NASA wants to make a hard landing on Mars

(ORDO NEWS) — NASA has successfully landed on Mars nine times, using state-of-the-art parachutes, massive airbags and jetpacks to bring spacecraft safely to the surface. Now engineers are testing whether the easiest way to get to the surface of Mars is to crash.

Instead of slowing down the spacecraft’s high-speed descent, the experimental design for the SHIELD lander (Simplified High Impact Energy Landing Device) will use an accordion-like foldable base that absorbs impact energy.

Much of SHIELD’s design is derived from work done on NASA’s Mars sample return mission.

“If you want to land something solid on Earth, why can’t you do it on Mars too?” said Velibor Čormarkovic, a member of the SHIELD team at JPL.

“If we can make a hard landing on Mars, then SHIELD will work on planets or moons with denser atmospheres.”

To test this theory, engineers needed to prove that SHIELD could protect sensitive electronics during landing.

The team used a special turret at JPL for the test.
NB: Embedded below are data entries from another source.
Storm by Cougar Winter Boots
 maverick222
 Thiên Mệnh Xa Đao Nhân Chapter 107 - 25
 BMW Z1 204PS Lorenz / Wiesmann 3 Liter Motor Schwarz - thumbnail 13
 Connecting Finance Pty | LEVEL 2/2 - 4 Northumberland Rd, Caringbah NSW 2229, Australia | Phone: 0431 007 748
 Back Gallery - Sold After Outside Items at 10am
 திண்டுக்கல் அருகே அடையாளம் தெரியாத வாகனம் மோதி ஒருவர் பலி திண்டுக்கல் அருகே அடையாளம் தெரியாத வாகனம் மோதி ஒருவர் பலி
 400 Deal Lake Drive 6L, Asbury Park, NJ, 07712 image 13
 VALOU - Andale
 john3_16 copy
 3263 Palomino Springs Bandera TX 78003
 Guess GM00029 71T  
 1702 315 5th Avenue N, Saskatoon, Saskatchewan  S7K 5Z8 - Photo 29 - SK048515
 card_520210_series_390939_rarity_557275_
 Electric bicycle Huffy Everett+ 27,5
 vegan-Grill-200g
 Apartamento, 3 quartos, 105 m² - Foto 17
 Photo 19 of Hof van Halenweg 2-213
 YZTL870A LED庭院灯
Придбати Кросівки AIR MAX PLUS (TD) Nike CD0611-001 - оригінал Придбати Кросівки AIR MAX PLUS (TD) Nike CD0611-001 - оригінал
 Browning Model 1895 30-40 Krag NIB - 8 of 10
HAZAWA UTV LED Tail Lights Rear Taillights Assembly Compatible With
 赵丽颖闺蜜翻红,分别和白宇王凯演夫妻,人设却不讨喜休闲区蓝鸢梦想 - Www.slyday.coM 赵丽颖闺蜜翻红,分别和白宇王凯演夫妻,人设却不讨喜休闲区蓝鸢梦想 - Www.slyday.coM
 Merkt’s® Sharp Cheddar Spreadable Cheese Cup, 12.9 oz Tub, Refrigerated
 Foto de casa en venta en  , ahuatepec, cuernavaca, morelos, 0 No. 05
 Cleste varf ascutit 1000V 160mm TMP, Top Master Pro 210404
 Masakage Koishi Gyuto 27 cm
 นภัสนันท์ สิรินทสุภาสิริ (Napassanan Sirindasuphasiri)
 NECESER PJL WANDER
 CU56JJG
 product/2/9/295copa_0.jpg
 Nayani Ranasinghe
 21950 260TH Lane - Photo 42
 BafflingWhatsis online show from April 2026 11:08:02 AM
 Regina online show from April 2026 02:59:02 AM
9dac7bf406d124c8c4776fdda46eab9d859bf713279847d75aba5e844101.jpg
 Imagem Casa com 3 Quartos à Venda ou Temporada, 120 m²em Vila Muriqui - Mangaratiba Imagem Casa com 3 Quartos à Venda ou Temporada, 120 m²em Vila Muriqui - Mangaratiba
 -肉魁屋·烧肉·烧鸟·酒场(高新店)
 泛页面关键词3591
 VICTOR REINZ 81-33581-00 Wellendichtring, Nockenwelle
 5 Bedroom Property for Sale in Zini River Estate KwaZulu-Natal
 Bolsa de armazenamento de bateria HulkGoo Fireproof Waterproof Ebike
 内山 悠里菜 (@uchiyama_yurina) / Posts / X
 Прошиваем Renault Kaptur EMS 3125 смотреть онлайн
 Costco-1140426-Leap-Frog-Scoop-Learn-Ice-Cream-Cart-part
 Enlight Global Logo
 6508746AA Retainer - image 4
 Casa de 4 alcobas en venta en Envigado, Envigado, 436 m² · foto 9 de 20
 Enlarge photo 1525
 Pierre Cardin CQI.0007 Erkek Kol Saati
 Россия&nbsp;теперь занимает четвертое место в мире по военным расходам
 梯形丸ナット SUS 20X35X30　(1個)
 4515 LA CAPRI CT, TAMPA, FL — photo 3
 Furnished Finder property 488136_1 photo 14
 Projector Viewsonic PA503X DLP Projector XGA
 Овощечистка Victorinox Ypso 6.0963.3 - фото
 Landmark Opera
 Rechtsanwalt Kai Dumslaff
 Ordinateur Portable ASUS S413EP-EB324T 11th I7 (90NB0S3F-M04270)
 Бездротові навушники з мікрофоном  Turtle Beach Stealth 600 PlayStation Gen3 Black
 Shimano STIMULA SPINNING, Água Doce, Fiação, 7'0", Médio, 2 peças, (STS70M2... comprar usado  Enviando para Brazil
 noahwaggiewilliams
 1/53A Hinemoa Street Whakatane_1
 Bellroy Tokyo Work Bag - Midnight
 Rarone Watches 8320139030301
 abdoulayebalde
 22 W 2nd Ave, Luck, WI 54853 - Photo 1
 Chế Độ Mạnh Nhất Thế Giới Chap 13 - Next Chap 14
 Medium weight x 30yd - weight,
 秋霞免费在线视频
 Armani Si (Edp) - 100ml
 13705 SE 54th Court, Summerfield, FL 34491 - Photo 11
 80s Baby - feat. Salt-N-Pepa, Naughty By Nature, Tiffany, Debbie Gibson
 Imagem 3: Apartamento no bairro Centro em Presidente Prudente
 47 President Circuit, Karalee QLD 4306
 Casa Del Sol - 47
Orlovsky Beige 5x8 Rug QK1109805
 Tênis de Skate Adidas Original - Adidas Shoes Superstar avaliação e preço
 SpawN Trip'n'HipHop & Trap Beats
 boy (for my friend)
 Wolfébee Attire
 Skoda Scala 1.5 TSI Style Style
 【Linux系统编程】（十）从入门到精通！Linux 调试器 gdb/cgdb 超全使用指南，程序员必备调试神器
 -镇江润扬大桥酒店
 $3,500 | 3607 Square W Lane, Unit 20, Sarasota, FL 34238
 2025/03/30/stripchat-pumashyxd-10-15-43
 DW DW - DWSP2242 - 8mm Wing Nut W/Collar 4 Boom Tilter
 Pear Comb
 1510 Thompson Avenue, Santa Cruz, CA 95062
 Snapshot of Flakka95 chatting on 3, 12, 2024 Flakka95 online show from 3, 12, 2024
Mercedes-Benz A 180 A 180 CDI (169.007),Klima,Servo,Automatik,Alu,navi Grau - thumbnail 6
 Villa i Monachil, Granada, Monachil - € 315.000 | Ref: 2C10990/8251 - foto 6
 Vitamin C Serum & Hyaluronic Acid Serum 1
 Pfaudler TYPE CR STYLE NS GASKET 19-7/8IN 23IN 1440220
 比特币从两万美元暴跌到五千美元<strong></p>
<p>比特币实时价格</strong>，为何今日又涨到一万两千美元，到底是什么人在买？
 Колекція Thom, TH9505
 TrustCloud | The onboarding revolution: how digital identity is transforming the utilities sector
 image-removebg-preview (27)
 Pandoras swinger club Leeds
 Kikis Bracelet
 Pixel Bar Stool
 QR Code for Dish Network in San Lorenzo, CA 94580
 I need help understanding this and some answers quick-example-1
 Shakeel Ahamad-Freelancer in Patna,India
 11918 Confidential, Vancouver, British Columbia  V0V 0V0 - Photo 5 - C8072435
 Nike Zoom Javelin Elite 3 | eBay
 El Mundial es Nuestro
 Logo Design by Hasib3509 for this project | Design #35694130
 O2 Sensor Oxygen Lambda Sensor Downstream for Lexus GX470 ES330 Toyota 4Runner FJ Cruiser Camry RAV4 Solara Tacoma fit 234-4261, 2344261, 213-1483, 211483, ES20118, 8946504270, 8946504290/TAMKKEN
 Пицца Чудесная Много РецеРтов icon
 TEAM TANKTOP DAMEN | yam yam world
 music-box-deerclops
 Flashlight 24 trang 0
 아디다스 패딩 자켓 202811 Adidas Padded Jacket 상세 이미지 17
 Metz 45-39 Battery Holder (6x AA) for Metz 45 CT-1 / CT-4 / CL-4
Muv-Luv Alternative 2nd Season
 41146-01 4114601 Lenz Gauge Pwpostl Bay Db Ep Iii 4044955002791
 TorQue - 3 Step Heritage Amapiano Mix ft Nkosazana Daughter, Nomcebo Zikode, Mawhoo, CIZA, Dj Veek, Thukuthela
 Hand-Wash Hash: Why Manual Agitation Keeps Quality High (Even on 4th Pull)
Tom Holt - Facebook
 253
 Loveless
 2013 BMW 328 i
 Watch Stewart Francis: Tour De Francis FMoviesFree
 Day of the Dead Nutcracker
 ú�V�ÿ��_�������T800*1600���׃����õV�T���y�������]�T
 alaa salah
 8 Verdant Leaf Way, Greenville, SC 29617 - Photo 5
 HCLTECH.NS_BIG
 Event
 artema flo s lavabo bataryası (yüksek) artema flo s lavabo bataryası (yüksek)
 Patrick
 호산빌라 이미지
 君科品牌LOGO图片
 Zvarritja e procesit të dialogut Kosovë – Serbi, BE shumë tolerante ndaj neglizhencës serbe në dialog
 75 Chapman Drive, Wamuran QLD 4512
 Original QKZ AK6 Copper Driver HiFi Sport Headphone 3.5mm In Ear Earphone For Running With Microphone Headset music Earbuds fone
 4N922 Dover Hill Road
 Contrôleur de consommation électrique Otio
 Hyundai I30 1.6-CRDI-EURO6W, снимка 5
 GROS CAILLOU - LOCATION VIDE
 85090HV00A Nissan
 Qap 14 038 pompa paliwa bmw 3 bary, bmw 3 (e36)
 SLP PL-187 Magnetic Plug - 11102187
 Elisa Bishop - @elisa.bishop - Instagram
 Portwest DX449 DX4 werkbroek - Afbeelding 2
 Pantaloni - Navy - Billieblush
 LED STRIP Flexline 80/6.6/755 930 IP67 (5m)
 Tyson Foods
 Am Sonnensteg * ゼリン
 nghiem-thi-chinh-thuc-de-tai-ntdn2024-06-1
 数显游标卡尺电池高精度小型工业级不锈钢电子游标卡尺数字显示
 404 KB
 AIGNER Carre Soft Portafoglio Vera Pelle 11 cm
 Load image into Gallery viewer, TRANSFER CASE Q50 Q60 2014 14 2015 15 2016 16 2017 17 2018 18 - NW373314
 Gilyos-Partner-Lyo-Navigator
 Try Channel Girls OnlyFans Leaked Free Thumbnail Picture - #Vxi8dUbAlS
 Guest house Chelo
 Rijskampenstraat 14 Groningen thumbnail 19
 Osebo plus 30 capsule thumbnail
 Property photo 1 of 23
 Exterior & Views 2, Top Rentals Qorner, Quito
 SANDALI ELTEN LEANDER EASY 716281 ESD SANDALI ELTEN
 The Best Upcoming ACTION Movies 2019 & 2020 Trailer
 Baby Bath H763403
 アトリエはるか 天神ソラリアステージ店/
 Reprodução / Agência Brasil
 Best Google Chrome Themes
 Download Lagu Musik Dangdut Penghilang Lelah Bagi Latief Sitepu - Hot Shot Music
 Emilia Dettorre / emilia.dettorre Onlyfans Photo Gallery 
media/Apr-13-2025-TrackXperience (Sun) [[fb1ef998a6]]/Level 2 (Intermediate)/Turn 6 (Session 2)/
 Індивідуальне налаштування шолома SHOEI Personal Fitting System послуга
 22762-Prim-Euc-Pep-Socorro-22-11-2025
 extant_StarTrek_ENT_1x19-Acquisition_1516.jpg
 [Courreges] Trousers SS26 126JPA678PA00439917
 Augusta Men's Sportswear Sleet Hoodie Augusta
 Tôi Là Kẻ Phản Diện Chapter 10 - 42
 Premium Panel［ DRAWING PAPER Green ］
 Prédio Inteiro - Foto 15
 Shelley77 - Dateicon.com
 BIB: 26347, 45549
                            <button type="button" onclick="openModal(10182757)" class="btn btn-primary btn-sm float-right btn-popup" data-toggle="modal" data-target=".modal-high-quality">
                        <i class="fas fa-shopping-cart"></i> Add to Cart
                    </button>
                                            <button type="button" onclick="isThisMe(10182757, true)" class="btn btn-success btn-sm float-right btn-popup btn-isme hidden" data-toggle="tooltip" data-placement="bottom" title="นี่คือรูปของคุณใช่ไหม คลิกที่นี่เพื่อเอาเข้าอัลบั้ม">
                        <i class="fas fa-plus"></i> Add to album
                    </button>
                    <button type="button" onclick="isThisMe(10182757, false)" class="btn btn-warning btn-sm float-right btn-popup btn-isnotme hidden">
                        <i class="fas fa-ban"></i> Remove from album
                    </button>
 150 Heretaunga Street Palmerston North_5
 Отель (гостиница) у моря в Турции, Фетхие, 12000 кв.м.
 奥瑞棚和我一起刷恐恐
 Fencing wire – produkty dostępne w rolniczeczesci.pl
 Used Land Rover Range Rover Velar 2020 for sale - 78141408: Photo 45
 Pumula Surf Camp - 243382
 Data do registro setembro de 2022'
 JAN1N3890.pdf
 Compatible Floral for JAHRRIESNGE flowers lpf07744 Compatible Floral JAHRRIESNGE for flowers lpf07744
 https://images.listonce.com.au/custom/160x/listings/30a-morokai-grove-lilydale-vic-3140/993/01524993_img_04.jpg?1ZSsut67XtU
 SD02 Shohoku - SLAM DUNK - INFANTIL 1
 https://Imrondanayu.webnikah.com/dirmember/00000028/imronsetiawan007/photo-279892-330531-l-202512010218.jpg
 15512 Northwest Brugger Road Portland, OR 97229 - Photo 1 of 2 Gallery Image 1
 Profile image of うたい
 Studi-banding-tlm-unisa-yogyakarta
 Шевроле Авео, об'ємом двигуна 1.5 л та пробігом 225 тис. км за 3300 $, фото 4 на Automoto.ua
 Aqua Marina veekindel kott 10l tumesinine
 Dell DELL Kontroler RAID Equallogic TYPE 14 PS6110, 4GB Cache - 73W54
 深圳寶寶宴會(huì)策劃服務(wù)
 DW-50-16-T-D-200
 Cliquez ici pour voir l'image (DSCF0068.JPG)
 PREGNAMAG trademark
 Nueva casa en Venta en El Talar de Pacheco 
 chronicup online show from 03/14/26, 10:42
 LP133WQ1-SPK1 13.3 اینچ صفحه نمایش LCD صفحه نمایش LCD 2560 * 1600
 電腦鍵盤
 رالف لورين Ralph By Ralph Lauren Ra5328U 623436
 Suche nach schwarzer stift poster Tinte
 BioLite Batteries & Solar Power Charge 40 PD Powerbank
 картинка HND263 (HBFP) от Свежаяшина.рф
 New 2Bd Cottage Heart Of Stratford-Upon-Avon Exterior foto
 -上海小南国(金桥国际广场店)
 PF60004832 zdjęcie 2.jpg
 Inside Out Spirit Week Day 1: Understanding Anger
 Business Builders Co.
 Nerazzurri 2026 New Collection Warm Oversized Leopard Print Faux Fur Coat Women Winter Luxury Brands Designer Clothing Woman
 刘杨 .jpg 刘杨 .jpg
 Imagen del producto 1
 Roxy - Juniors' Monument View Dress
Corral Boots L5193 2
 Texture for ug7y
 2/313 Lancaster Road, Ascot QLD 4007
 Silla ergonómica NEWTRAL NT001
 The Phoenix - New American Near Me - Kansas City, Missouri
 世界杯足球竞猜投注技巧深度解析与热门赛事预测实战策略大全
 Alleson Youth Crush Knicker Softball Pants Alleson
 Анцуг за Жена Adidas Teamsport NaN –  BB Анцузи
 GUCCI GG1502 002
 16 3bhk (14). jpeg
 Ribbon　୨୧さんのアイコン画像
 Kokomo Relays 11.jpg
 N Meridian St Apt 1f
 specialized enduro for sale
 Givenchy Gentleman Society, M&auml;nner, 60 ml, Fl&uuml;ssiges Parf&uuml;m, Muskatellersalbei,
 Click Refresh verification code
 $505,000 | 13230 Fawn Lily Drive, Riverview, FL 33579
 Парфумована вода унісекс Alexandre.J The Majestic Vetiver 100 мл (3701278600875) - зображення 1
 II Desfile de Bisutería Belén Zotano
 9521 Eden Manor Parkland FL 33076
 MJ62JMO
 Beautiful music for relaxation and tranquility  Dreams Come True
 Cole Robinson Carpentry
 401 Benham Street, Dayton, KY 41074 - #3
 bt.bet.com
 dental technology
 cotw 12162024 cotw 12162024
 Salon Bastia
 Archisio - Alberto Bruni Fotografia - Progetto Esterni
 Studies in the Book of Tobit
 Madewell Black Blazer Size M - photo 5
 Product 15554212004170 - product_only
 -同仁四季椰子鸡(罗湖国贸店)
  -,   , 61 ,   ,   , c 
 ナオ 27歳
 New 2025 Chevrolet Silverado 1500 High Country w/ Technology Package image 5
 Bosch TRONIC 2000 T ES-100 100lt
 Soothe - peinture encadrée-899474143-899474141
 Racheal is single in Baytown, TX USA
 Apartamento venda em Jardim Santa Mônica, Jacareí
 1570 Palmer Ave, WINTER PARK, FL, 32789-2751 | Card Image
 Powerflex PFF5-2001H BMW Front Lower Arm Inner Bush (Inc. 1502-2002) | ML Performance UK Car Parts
The 27-meter tower is equipped with a sling-like launcher, with which the object is thrown to the surface at high speed.

The team gathered at the tower with a full-size prototype of the SHIELD collapsible shock absorber – an inverted pyramid of metal rings that absorb impacts.

Scientists put a smartphone, radio, and accelerometer into SHIELD to mimic the electronics the spacecraft would carry.

The researchers watched as SHIELD climbed to the top of the tower. Just two seconds after lifting, the wait was over: the launcher launched SHIELD into the ground at a speed of 177 km/h.

This is the speed that the lander reaches near the surface of Mars.

Previous SHIELD tests used a dirt landing zone, but for this test, the team placed a 2-inch-thick steel plate on the ground to make the landing more rigid.

Video footage of the test shows that SHIELD hit at a slight angle, then bounced about 1 meter into the air before flipping over. The team suspects a steel plate was the cause of the rebound.

After opening the prototype and extracting the electronic payload, the team found that the onboard devices had survived.

“The only hardware that was damaged was some plastic components that we weren’t worried about,” the researchers said. “Overall, this test was a success!”